HDFS Federation addresses these limitations of the prior architecture by allowing you to have multiple NameNodes in a single hadoop cluster. It is just like a large file system is broken into smaller pieces and distributed amongst multiple NameNodes. Each NameNode will manage one or more parts of the entire file system. For example /user and /tmp is managed my Node-1 while /projects is managed by node-2.  HDFS federation was introduced in hadoop 0.23 release and is part of hadoop 2.x.
It is important to understand following key points about HDFS federation.
  1. Federated NameNodes are independent and don’t require coordination with each other. If one NameNode goes down, it doesn’t impact namespace managed by other NameNode.
  2. DataNodes are common for all NameNodes that means a DataNode can store blocks from any of the NameNode.
  3. DataNodes will also send heartbeat/ block-report to all NameNodes and will handle commands from all NameNodes.
  4. All the blocks which are part of a single namespace and is managed by its NameNode and called block pool of the NameNode. So a NameNode and its block pool together is one namespace in HDFS terminology.
  5. HDFS federation mandates use of a ClusterID to identify all the NameNodes in the cluster. This helps to extend namespaces to a multi cluster environment.

Implementation

Once we understand basics of HDFS federation, next question comes, how it is implemented for use? There are two parts of the problem for implementing HDFS federation in a cluster.
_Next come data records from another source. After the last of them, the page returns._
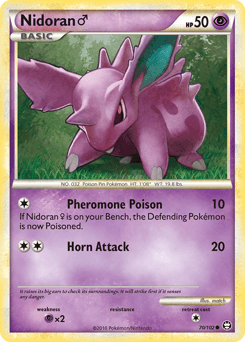Nidoran ♂ HS—Triumphant card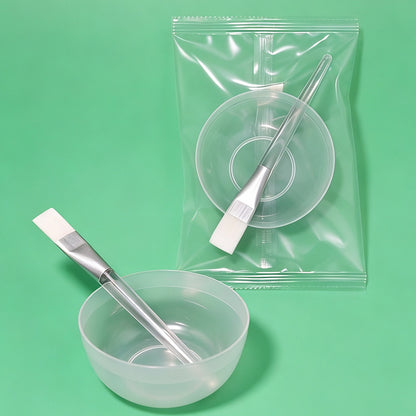 Beauty Bowl + Mask Brush, Mask Bowl, Makeup Brush Set, Mask Mixing Bowl, Homemade Spa Mask, Mud Mask Application Set - image 3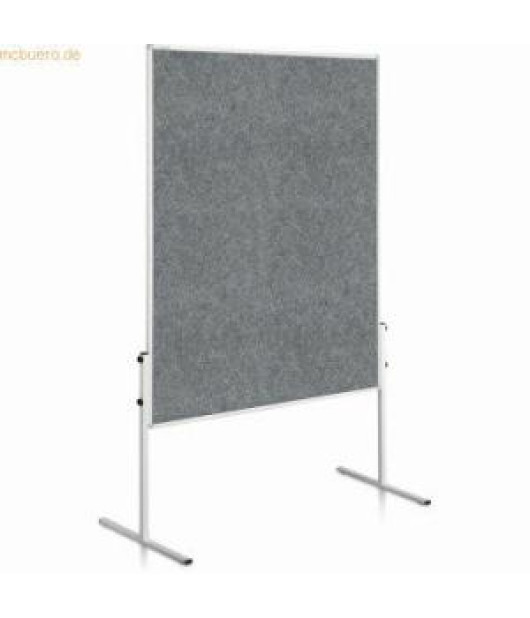 Moderačná tabuľa plstená 150x120 cm ECONOMY sivá neskl. 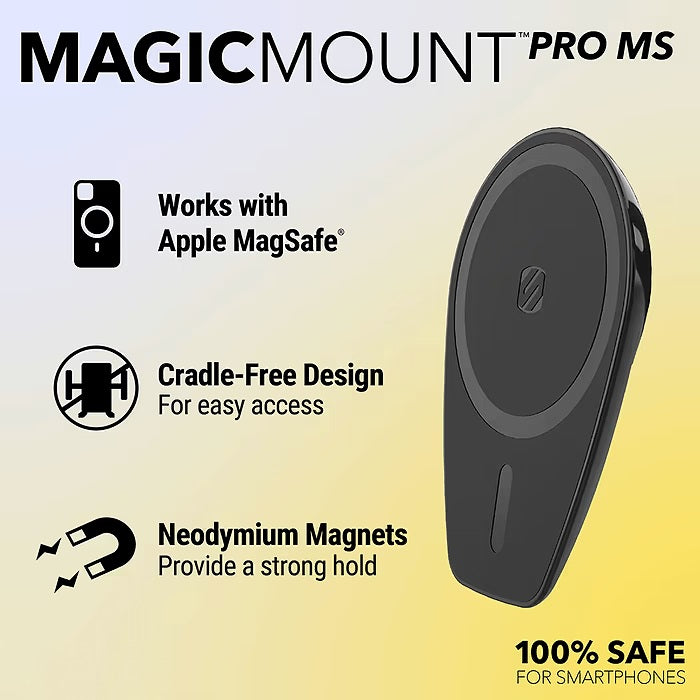 MagicMount Pro MS 3-in-1 Magnetic Phone Mount Holder for Window/Dash/Vent
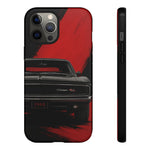 1968 Charger Triple Black Muscle Car Tough Phone Case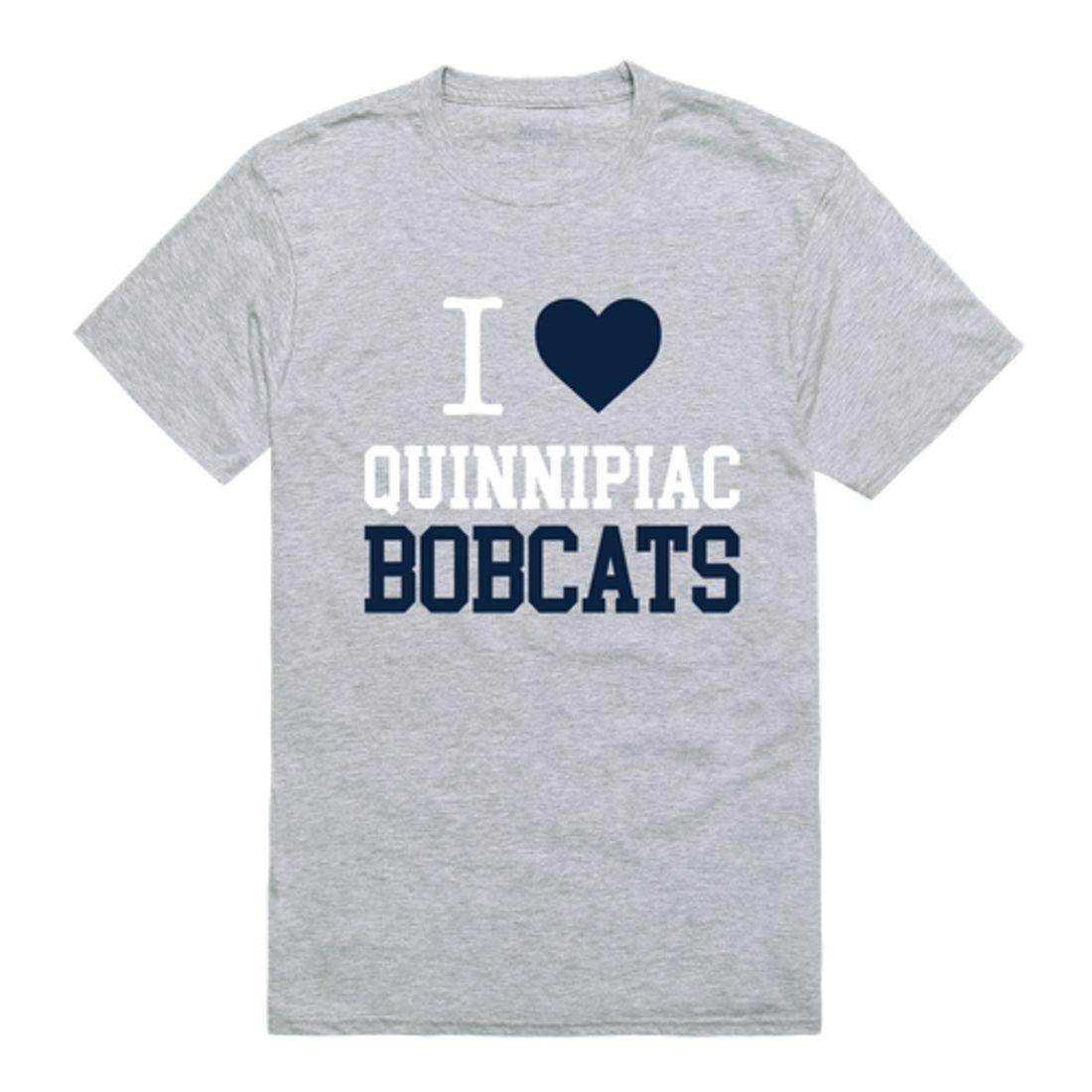 I Love QU Quinnipiac University Bobcats T-Shirt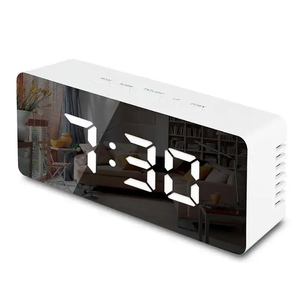 Led gương đồng hồ ° C/° F 12/24 giờ chuyển đổi snooze bảng đồng hồ hiện đại tự động mờ đồng hồ thông minh với thời gian lịch cho nhà - Product Image 3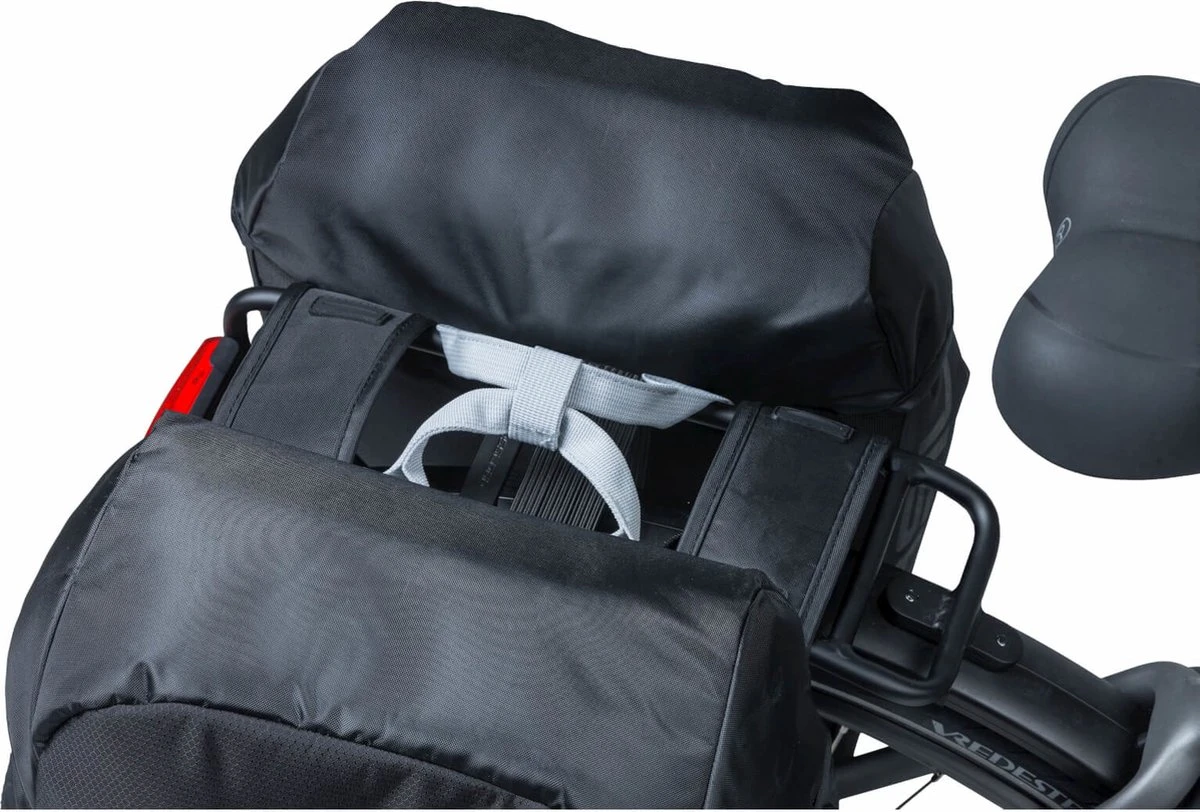 Basil Miles Dubbele Fietstas - Zwart - 34 Liter - Afbeelding 14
  • How do we configure multiple NameNodes – This part of the problem is quite simple, we can configure and start multiple NameNodes just like we do single. We may have to address some issues like giving a unique id for each NameNode, configuring their RPC and HTTP address etc. all such configuration is placed in hdfs-site.xml file.
  • How do we map different namespaces with individual NameNodes – This part will have another implicit problem. This new problem is “How do we use file system after breaking it into smaller part and mapping it with different NameNodes”.
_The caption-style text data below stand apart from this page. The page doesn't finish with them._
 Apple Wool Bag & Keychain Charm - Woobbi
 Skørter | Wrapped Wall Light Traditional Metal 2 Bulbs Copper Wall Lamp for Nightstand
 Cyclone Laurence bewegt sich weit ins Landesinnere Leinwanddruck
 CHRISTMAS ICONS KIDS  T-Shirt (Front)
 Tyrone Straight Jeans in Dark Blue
This second problem along with implicit third problem is solved by ViewFS. We will discuss about it but let’s take them in sequence.
Let’s assume that we want to configure two NameNodes in a cluster. To be able to do this, we will have to define a new property in hdfs-site.xml file as dfs.nameservices. A value for this property is a list of NameServiceID. Each NameServiceID is a unique id for a NameNode. An example is give below.
 <property>
    <name>dfs.nameservices</name>
   <value>ns1,ns2</value>
 </property>
In above example, ns1 and ns2 are two logical NameServiceIDs which represents two NameNodes. In the next step, we will have to map these logical ids with physical NameNode addresses. This part is also defined in hdfs-site.xml. An example is given below.
<property>
   <name>dfs.namenode.rpc-address.ns1</name>
    <value>node-1.mycompany.com:50070</value>
 </property>
<property>
   <name>dfs.namenode.rpc-address.ns2</name>
    <value>node-2.mycompany.com:50070</value>
 </property>
In the above example, ns1 is mapped with a node-1 at port 50070 and similarly ns2 is mapped with node-2 at port 50070.
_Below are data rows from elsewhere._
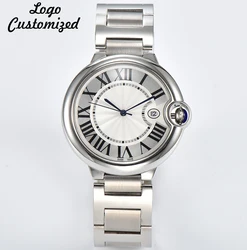 42mm Watch Japan Original Miyota 8215 Automatic Mechanical Watch Stainless Steel Sapphire Glass Case Waterproof Watch Customized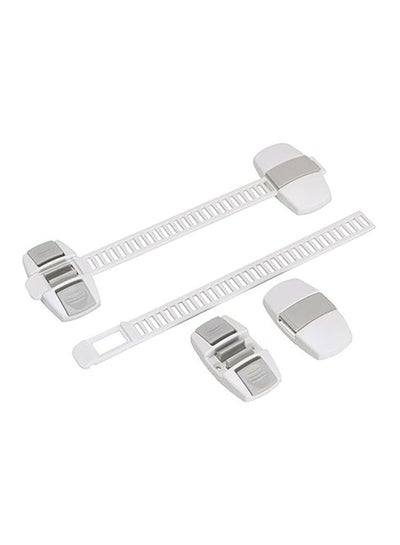 Buy 2-Piece Adhesive Multi Safety Latch Set in Saudi Arabia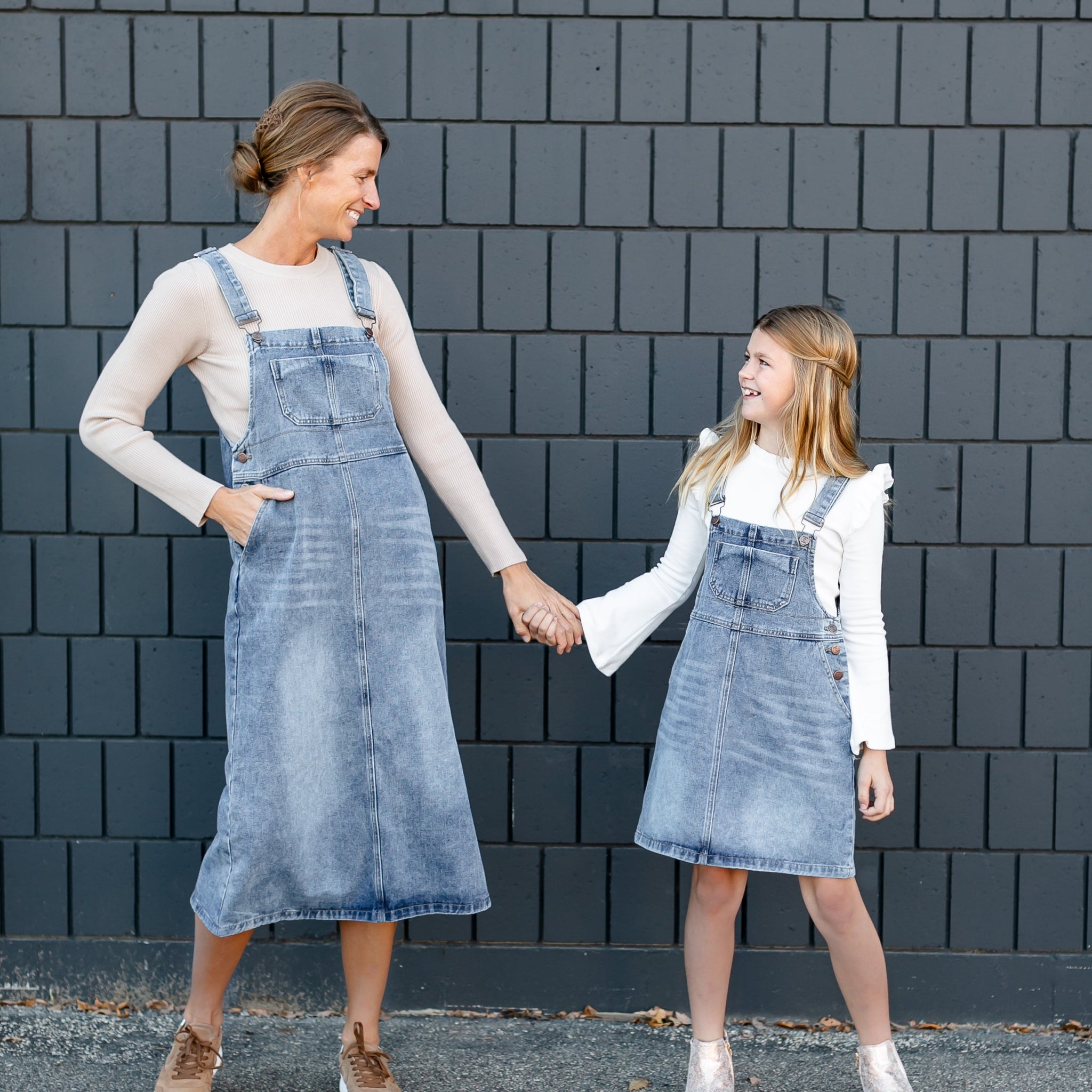 Girl's Blakely Denim Overall Dress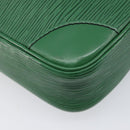 LOUIS VUITTON Epi Danube Shoulder Bag Green M45634 LV Auth 205909A-18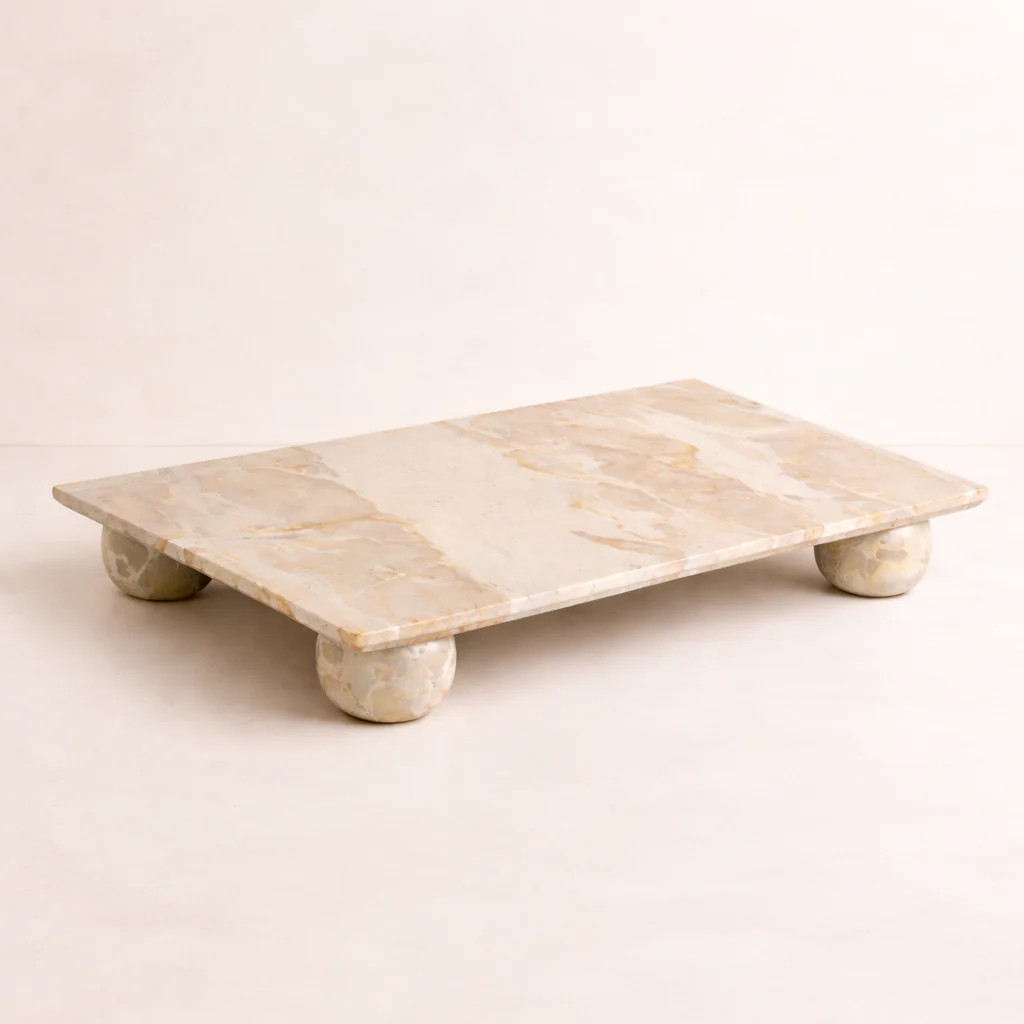 Beige Marble Trivet Riser | By Luxe B Co. | luxe bCO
Once these configurations are specified, you may need to format your new NameNodes using hdfs namenode -format [-clusterId <cluster_id>]. Cluster id is optional, if you don’t provide cluster id, a new id is provided automatically and you can use this id while formatting other NameNodes in same cluster. After formatting your new NameNodes, you should start them and refresh DataNodes to pick up new NameNodes. There are several other changes implemented to support operations like balances has been changed to work with multiple NameNodes, a Cluster Web Console is added in federation to monitor the federated cluster at http://<any_nn_host:port>/dfsclusterhealth.jsp. This completes our first problem.
With the knowledge of your NameNode URI (scheme://authority) as specified in configuration, you can use them for file system operations for example create directory and create files etc. Creating a new directory will be as simple as using hdfs  dfs  -mkdir with fully qualified path name URIs as scheme://authority/path.
At this stage, there is no global namespace defined. For a client, each NameNode looks like a separate HDFS cluster. To perform any operation, client needs to know NameNode URI. This makes life for client programs more difficult and less portable. This was our second problem. Hadoop attempts this problem using ViewFS.

ViewFS

The View File System (ViewFS) provides a way to manage multiple NameNodes in hadoop cluster and hence multiple namespaces in HDFS Federation. In the old HDFS implementation, a cluster has a single NameNode. The core-site.xml of the cluster has a configuration property that sets the default file system and maps NameNode of the cluster. An example of such property is shown below.
<property>
   <name>fs.defaultFS</name>
   <value>hdfs://NameNodeOfClusterX:port</value>
</property>
On such a cluster where core-site.xml is set as above, a typical path name will be something like /projects. Alternatively you can also specify fully qualified names while referring to HDFS location for example hdfs://NameNodeOfClusterX:port/projects. While both are valid, you should prefer relative name /user/hue because it makes your code portable to different cluster and independent from the underlying NameNode.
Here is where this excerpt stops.